EVRC also enhances call quality by suppressing background noise. The IS-127 standard recommends a noise suppressor algorithm, but allows system designers to define their own. This is an important factor in choosing a processing platform, making programmable DSPs, such as Lucent Technologies’ DSP offerings, a desirable choice.

By early 1997, it started to become clear to service providers that EVRC was an attractive choice for addressing their capacity and voice quality requirements. The challenge then became how to make EVRC a reality, given that existing equipment, handsets and infrastructure did not support the technology. Further complicating the issue, service providers had a significant investment in existing infrastructure and handset manufacturers were just beginning the ramp-up of new designs.

The Korean market was the first to take the initiative in addressing this dilemma. In an effort to realize EVRC quickly and minimize the cost of the development effort, several Korean manufacturers worked closely with Lucent Technologies to define and implement a strategy.

Lucent Technologies provided a complete EVRC solution for CDMA manufacturers based on its DSP1627 chip. To quickly enable deployment, the implementation of EVRC leveraged the existing equipment investments as much as possible. Separate solutions were required for the handset and infrastructure and each presented different challenges Figure 1 illustrates a typical CDMA wireless network and highlights where EVRC fits into the overall architecture.

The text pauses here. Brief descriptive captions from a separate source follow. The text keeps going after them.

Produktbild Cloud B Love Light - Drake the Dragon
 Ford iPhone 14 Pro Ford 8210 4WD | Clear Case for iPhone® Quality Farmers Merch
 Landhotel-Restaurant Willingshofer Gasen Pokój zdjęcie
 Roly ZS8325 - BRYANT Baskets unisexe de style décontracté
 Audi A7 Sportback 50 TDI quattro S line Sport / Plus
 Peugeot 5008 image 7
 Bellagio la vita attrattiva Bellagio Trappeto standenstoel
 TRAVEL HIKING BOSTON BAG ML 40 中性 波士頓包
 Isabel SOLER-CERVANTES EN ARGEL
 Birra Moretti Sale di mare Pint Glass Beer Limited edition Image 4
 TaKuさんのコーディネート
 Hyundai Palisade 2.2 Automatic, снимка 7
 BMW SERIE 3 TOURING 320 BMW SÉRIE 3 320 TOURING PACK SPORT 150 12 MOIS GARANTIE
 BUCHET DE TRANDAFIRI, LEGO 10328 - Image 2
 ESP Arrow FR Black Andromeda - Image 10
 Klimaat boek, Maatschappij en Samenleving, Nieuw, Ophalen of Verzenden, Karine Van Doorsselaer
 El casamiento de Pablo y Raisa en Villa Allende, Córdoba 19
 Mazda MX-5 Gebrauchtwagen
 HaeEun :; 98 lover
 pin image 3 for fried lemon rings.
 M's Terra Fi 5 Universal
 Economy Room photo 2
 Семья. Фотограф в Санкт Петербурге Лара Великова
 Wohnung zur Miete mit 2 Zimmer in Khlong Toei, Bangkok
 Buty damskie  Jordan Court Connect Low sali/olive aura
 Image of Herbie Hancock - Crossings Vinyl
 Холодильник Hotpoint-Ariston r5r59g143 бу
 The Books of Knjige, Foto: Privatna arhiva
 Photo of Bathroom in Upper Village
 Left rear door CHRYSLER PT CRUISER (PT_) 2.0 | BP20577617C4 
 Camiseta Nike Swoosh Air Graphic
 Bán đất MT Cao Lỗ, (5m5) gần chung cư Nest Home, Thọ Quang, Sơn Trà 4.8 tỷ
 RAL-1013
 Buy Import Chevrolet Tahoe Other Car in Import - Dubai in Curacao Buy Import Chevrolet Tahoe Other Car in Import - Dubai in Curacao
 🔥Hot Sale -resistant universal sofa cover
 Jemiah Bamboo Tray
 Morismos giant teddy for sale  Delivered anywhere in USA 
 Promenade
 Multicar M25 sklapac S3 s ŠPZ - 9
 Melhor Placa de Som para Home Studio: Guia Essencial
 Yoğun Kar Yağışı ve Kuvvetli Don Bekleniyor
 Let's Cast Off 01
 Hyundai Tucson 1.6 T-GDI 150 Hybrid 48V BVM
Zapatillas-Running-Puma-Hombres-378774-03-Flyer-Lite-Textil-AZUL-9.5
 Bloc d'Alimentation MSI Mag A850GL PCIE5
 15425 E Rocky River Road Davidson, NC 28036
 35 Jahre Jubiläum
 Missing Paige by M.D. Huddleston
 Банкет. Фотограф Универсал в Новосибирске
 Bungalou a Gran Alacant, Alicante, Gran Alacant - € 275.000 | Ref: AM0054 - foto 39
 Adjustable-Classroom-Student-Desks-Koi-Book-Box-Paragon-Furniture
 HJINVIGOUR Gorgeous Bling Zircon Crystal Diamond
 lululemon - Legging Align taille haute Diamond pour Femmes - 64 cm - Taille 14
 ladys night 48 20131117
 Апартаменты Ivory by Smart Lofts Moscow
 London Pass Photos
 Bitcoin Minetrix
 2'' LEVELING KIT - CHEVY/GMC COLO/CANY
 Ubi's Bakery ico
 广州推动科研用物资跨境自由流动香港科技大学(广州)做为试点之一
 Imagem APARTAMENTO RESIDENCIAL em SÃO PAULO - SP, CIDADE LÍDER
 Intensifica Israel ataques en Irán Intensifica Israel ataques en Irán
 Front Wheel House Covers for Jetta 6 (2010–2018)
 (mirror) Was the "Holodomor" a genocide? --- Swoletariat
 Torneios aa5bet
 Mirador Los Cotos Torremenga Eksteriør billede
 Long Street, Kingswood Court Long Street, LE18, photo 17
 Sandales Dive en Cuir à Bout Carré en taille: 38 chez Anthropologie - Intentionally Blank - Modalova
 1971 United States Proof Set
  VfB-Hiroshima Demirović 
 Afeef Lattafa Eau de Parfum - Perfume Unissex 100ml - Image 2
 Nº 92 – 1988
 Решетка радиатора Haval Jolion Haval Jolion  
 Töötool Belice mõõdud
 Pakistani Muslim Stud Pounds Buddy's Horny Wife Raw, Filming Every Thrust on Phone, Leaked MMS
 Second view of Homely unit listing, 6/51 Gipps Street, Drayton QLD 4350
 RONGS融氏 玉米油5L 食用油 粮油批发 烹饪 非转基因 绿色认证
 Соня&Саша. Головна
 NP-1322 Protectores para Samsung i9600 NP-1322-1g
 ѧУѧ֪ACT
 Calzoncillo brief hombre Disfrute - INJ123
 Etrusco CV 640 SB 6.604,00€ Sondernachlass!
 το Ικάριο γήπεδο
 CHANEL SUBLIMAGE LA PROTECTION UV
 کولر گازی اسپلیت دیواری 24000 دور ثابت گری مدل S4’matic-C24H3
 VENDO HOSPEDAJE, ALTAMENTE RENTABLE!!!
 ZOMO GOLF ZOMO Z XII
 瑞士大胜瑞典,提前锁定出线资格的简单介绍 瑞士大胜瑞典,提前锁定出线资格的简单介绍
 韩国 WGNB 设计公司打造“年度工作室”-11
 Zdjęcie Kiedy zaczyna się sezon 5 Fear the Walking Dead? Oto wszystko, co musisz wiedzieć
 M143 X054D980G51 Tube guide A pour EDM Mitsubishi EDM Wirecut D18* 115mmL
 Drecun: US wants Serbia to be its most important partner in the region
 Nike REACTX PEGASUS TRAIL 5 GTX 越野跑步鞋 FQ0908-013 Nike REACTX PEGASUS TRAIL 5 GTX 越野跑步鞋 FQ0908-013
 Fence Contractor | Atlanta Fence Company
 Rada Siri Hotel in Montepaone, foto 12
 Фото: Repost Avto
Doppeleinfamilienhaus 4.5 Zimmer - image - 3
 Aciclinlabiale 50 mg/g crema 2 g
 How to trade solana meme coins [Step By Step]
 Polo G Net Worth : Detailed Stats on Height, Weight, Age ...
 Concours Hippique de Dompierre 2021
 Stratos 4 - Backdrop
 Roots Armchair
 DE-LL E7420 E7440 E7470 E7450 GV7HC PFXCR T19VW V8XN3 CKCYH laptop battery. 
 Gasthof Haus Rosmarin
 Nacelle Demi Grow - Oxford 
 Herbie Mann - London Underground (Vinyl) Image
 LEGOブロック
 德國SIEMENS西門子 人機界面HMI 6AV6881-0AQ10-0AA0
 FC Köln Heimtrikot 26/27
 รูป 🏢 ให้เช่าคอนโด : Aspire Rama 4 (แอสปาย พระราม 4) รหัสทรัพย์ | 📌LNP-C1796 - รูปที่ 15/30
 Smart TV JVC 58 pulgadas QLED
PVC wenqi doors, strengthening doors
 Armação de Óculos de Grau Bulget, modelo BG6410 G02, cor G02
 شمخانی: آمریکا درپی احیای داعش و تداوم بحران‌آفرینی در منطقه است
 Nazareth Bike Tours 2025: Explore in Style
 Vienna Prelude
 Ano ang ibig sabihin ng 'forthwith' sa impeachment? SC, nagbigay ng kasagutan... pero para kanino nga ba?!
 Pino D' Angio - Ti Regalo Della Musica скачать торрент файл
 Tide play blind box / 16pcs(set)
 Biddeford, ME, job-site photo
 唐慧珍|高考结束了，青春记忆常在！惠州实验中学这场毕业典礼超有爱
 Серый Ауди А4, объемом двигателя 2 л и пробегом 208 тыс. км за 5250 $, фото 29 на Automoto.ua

For the CDMA handsets, Lucent’s EVRC chip can be used as a standalone DSP or as a co-processor to the existing architecture as illustrated in Figure 1. The integrated solution not only includes the device, but also all the necessary software to enable EVRC. Additionally, Lucent’s implementation is programmable, offering handset manufacturers ample opportunity to tune or differentiate their solutions to address particular market needs.

Lucent’s implementation of EVRC in the infrastructure was a software upgrade to the existing speech coder platform, rather than a complete redesign and switch out. This was the most desirable solution for infrastructure due to the fact that replacement of deployed equipment was cost prohibitive. The task was non-trivial since the existing platform had been designed to the performance requirements of a less complex speech coder.

This massive effort was a major achievement: concept, specification, development, integration, field trials and production ramp were completed in less than six months. This could not have been done without a coordinated effort between the service provider, the equipment manufacturers and Lucent Technologies.

EVRC is the first of many developments in the industry’s push to close the gap between wireless and wireline communications. Other developments include quality, cost, services, ease of use, and availability.

Today, the Korean market is driving the deployment of EVRC. As CDMA technology deploys in other regions of the world, service providers may face the same dilemma — competitive pressures and systems capacity. Given the demonstrated benefits of EVRC, they may choose to address the challenge in the same manner. Although, with the rapid pace of technology advancements in both speech coding algorithms and signal processing hardware, it’s likely that more alternatives will become available.

On the signal processing front, the next generation of DSP architectures is now available. Lucent recently introduced its DSP16000 family, for instance, which is designed to specifically address the future needs of the wireless communications market. It offers more than twice the performance of current DSPs with reduced power consumption and costs. This level of processing capability will be crucial in the development of even better speech coders, with advanced features such as voice recognition and high speed data services.